Curriculum Vitae 2009

Education

Professional Experience

Narrative

Jason Lee is a Computer Scientist at Lawrence Berkeley National Laboratory. He works in the National Energy Research Scientific Computing Center in the Networking Group. Jason has worked on various projects in his 17 years at LBL. These range from a Distributed Parallel Storage System to his work on Grid Architecture in the GGF to his current work on BRO, an intrusion detection system. Some of his more recent work has involved the anonymization of network traffic for release into the public domain as part of the PREDiCT project. Jason was involved in the early QoS network tests with Van Jacobson back in 1994, some of the first gigabit testbeds (MAGIC 1993, BAGNet 1995, NTONC 97) and worked with the AIR group in the Netherlands on 10 Gbps transatlantic links. More recently he has been heading up the US networking side of Daya Bay, a neutrino-oscillation experiment in China.
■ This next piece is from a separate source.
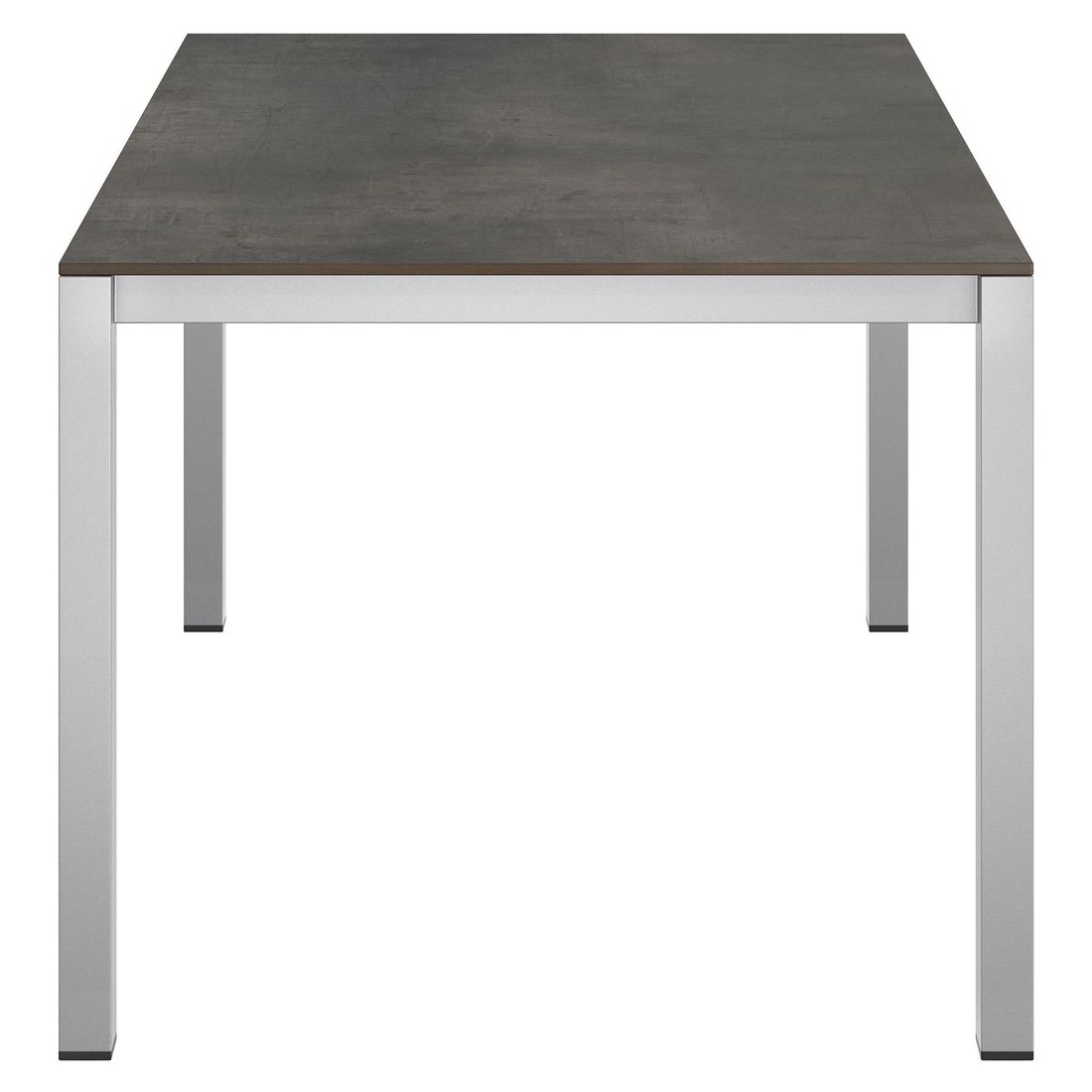OUTLIV. Ausziehtisch 140/178,5/210x70cm Edelstahl/HPL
Jason also enjoys keeping NERSC (one of DOE's Supercomputing Centers) connected to the world.

Related Technologies

Performing the above research has led to deep working knowledge of networking (TCP/UDP/IP), many networking protocols (HTTP, DNS, NTP, etc.) and many of the higher level abstractions that use it (i.e. Web Services). This, in turn has lead to an understanding of the applications that drive it like RDBMS (Postgres, MySQL), several programming languages (Python, C, Java, Perl), Unix operating systems and a host of software engineering methodologies and tools (e.g. UML, SVN, autoconf). Jason has become very adept at administrating various flavors of *NIX over the years (AIX, TrueUnix, BSD, Linux) and has had occasion to hack on a few kernels (web100) as part of his network testing. Jason currently spend most of his time herding bits in support of High Performance Computing (HPC) at NERSC.

Research Interests

Jason's current research interests include: high-performance networking and network protocols; distributed system performance monitoring and analysis; network tuning issues; characterization of WAN/LAN network traffic and cyber security and intrusion detection systems.